Personnellement, je vis des superstitions des autres. Je ne gagne pas beaucoup et le travail est assez dur.

Mon premier emploi, ce fut dans une usine d’eau de Seltz. Le patron croyait, allez donc savoir pourquoi, qu’une parmi ses milliers (oui, mais laquelle?) de bouteilles d’eau de seltz hébergeait une bombe atomique. Il croyait aussi qu’une présence humaine suffisait à empêcher que cette terrible énergie se libère. Nous étions plusieurs employés, un pour chaque camion. Mon travail consistait à rester assis sur l’irrégulière surface des bouteilles d’eau de seltz pendant les six heures quotidiennes que durait la distribution de ces boissons gazeuses. Un travail pénible: le camion cahotait; le siège était inconfortable, douloureux; le trajet, ennuyeux; les conducteurs de camion, des personnes vulgaires; une bouteille d’eau de seltz (pas celle qui contenait la bombe) éclatait de temps à autre et je recevais de légères blessures. À la fin, fatigué, je renonçai. Et le patron se dépêcha de me remplacer par un autre homme qui, par sa seule présence, allait empêcher l’explosion de la bombe atomique.

Immédiatement j’appris qu’une vieille fille célibataire de Belgrano avait un élevage de tortues et elle croyait, allez savoir pourquoi, que l’une d’entre elles (oui, mais laquelle?) était le diable sous la forme d’une tortue. Comme la demoiselle, qui s’habillait de noir et récitait le rosaire, ne pouvait pas les surveiller en permanence, elle m’engagea pour que je m’en charge pendant la nuit. «Comme tout un chacun le sait», m’expliqua-t-elle, «une de ces deux tortues est le diable. Quand vous verrez qu’il pousse deux ailes de dragon à l’une d’entre elles, avertissez-moi immédiatement, parce que celle-là, sans aucun doute, ce sera le diable. Alors, nous allumerons un bûcher et nous la brûlerons vive pour en finir ainsi avec le mal sur toute la surface de la terre.» Les premières nuits je me tins éveillé, surveillant les tortues: en voilà des animaux sots et sans grâce. Par la suite mon zèle me sembla injustifié et, dès que la vieille fille se couchait, j’enveloppais mes jambes dans une couverture et, recroquevillé sur une chaise du jardin, je dormais toute la nuit. Et c’est ainsi que je n’ai jamais pu savoir laquelle des deux tortues était le diable. Alors je dis à la demoiselle que je préférais abandonner ce travail, car il était très malsain pour moi de passer toutes mes nuits éveillé.

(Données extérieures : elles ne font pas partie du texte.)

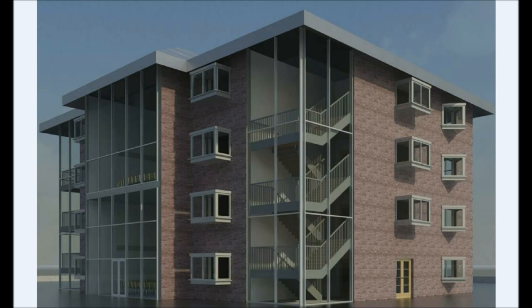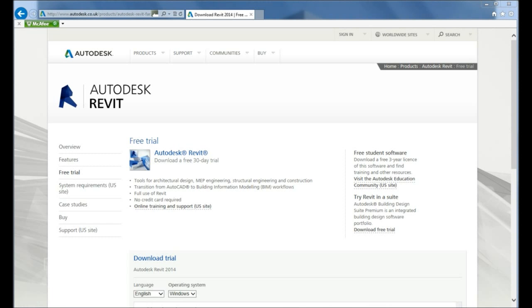In addition, you will learn how to export images. To do this course, it is advisable that you have access to a computer with Autodesk Revit Architecture installed so that you can follow the course and practice as you learn. You can also download a 30-day free trial version of the software at the Autodesk website — look for the download free 30-day trial option, and once it is installed on your computer you are ready to go.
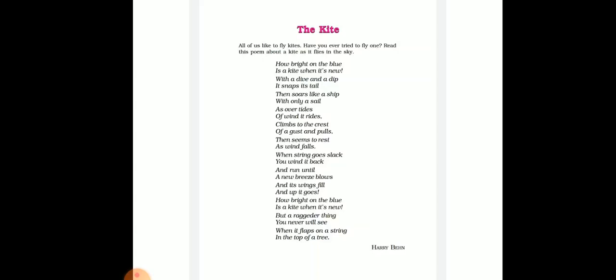Here the poet explains that a kite looks very bright and beautiful on a clear sky, but when it gets stuck on a treetop, it gets torn and gives a poor, worn outlook which is not liked by anyone.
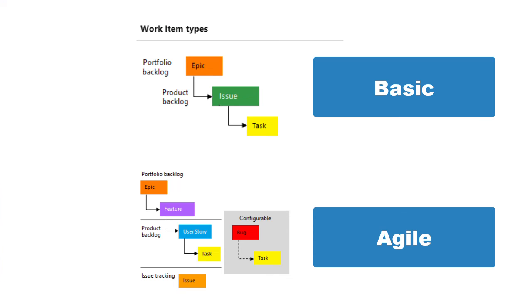Here you are seeing the hierarchy level of each process. First, let's have a look at basic. If you see, epic is at the top and issue and task are at the product backlog level. Similarly for agile, epic and feature are at the higher level whereas user story and task are at product backlog level. And it has bugs and issues as well in case if you have any issues associated with it to track.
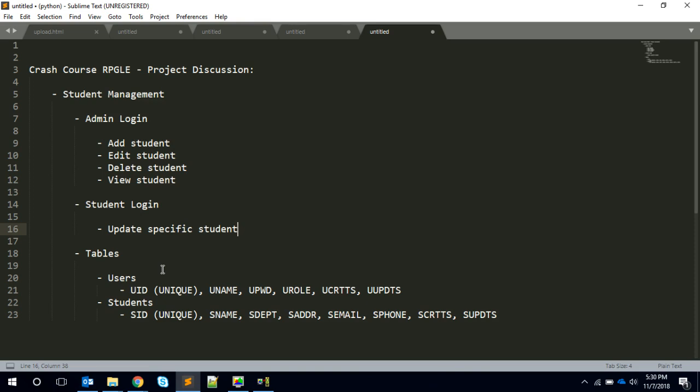Users are used for password management. Either it can be an admin or a student, but all the user ID and password will be available in this particular file. Using this we will validate and authenticate.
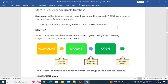The STARTUP command is responsible for making a database start. When the database gets started, it goes through three different stages. The first stage is NOMOUNT, and then it goes to MOUNT mode where the database gets mounted, and then it opens the database for every user who wants to connect. I'll be explaining each mode in detail — what changes happen at every stage.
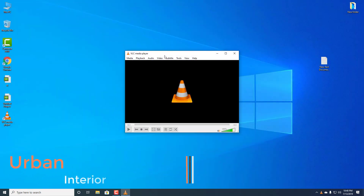VLC media player installation completed. Thanks for watching guys.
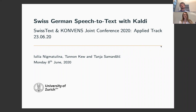Hello, my name is Yulia and together with Tannen we'll present the first multi-dialect speech-to-text framework for Swiss German dialects. We'll show the results of a few systems we have trained, with a particular focus on the difference between training on two different types of transcriptions.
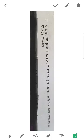At what rate percent compound interest per annum will Rs.640 amount to Rs.774.4? This is the second question.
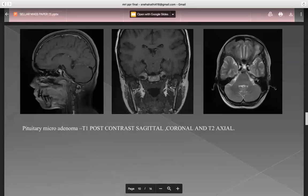Following are the images of pituitary microadenoma — T1 post-contrast sagittal, coronal, and T2 axial.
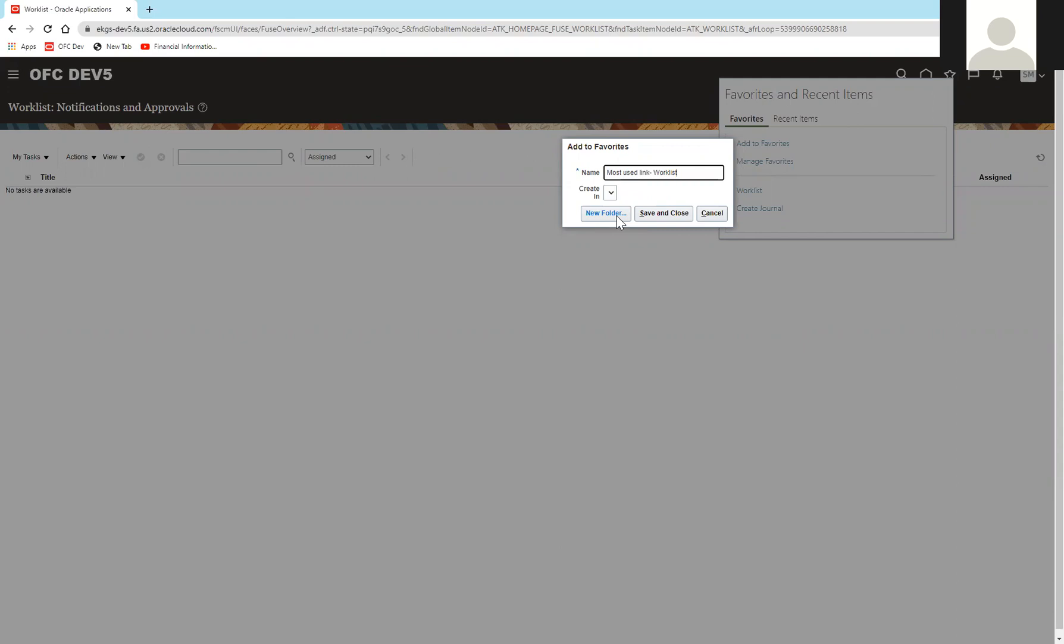And you can create subfolders. For this purpose, we are going to save it as work list. I will hit save and close.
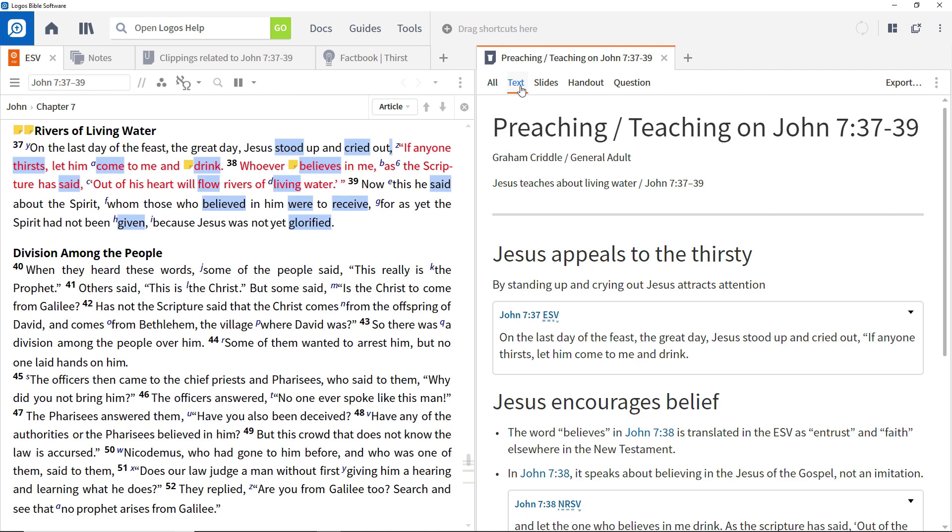If you want the ability to produce handouts or question sheets in a fully integrated manner, the Sermon Editor feature can enable you to do this in a simple but powerful way.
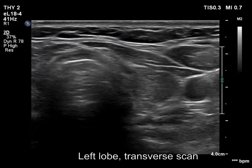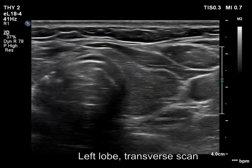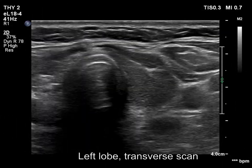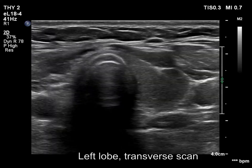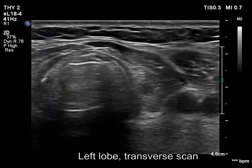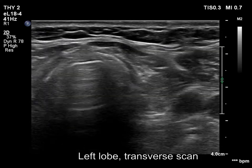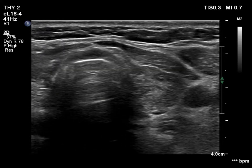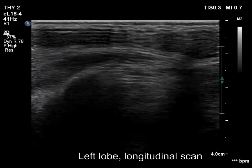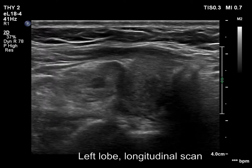Compared with the former examination, the left lobe became larger. It is moderately hypoechoic. Connective tissue divides the lobe into two parts.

Parce que, en plus, je venais d’apprendre qu’à San Isidro il y avait une grande maison vétuste perchée sur un haut escarpement, et, dans la grande maison, une statuette qui représentait une douce jeune fille française de la fin du XIXe siècle. Les propriétaires — un couple de vieillards chenus — croyaient, allez savoir pourquoi, que cette jeune-fille était malade d’amour et de tristesse, et que, si on ne lui trouvait pas un fiancé, elle mourrait à brève échéance. Mon salaire fut fixé et je devins le fiancé de la statuette. Je commençai à lui rendre des visites. Les deux vieillards nous laissent seuls, bien que je les soupçonne de nous surveiller en secret. La jeune-fille me reçoit dans la salle mélancolique, nous nous asseyons dans un canapé élimé, je lui apporte des fleurs, des bonbons ou des livres, je lui écris des poésies ou des lettres, elle joue du piano d’un air alangui, m’adresse de doux regards, je l’appelle mon amour, je l’embrasse furtivement, parfois je vais plus loin que ce que permettent la pudeur et l’innocence d’une jeune-fille de la fin du XIXe siècle. Gisèle m’aime aussi, elle baisse les yeux, soupire doucement, me dit: «Quand nous marierons-nous?» Je lui réponds: «Bientôt. Je suis en train de faire des économies.» Oui, mais la date est sans arrêt repoussée, en effet, je ne peux faire que très peu d’économies en vue de notre mariage: comme je l’ai déjà dit, on ne gagne pas grand-chose quand on vit des superstitions des autres.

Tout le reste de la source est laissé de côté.